Education and career
Robertson attended elementary and secondary school in Canada and England. He received a Bachelor of Arts from University of Oxford in 1965. In 1971, he received a Doctor of Philosophy from McMaster University, working under R. G. Summers-Gill with a dissertation titled Properties of the odd-odd cobalt nuclei.

Following his graduate work, he worked at the Cyclotron Laboratory at Michigan State University, where his research included the first observation of an isobaric quintet of states in nuclei. After leaving Michigan State, he worked at Los Alamos National Laboratory on the determination of the neutrino mass.
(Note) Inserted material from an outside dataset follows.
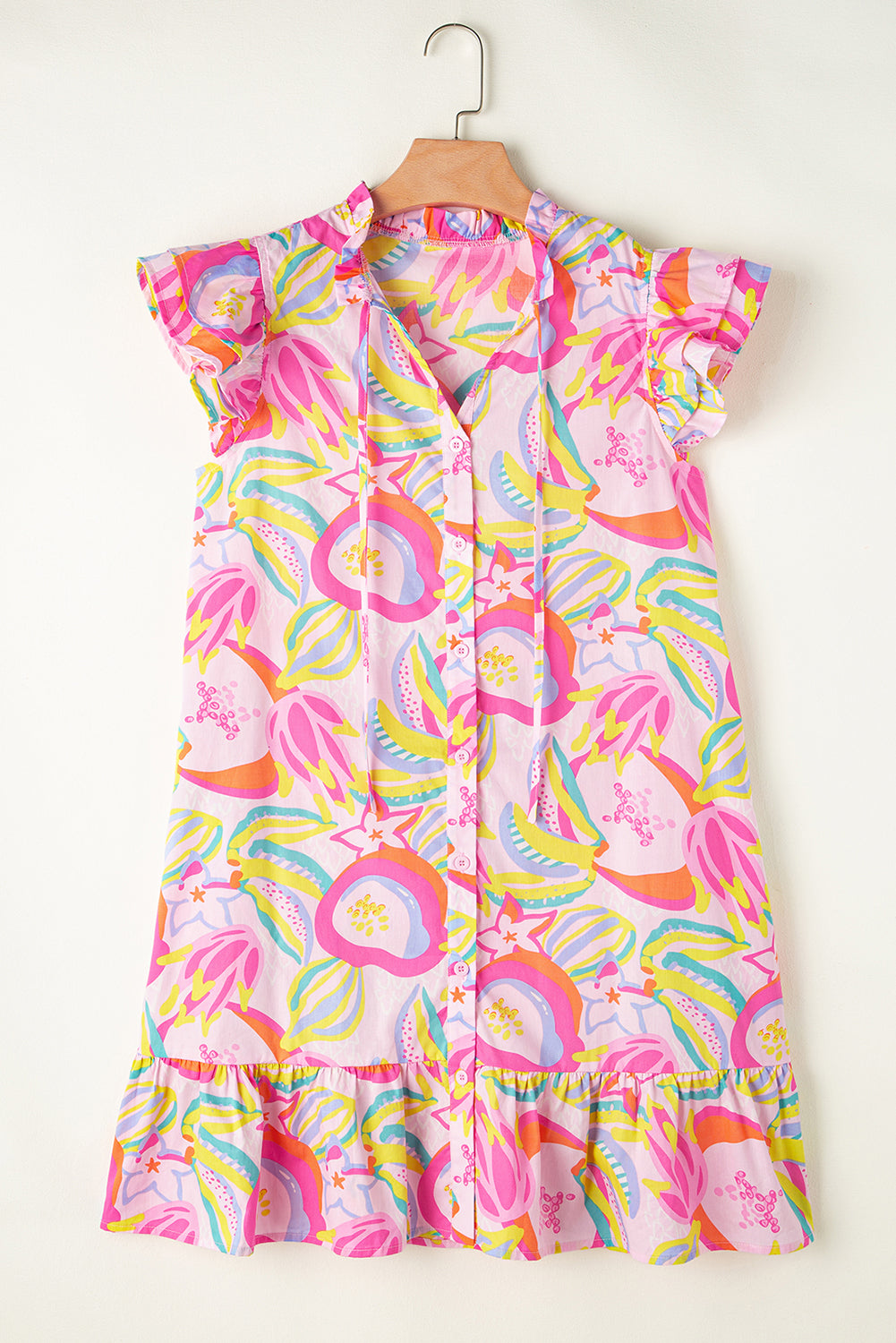 Robe boutonnée à manches flottantes et à volants floraux abstraits rose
Studying tritium decay, he showed that the electron neutrino mass is below 10 eV. In 1994, he became a professor at the University of Washington.

Robertson has been a visiting scientist at several institutions, including at Princeton University (1975–1976), Chalk River Laboratories (1979), Argonne National Laboratory (1980), and the Sudbury Neutrino Observatory (2003–2004).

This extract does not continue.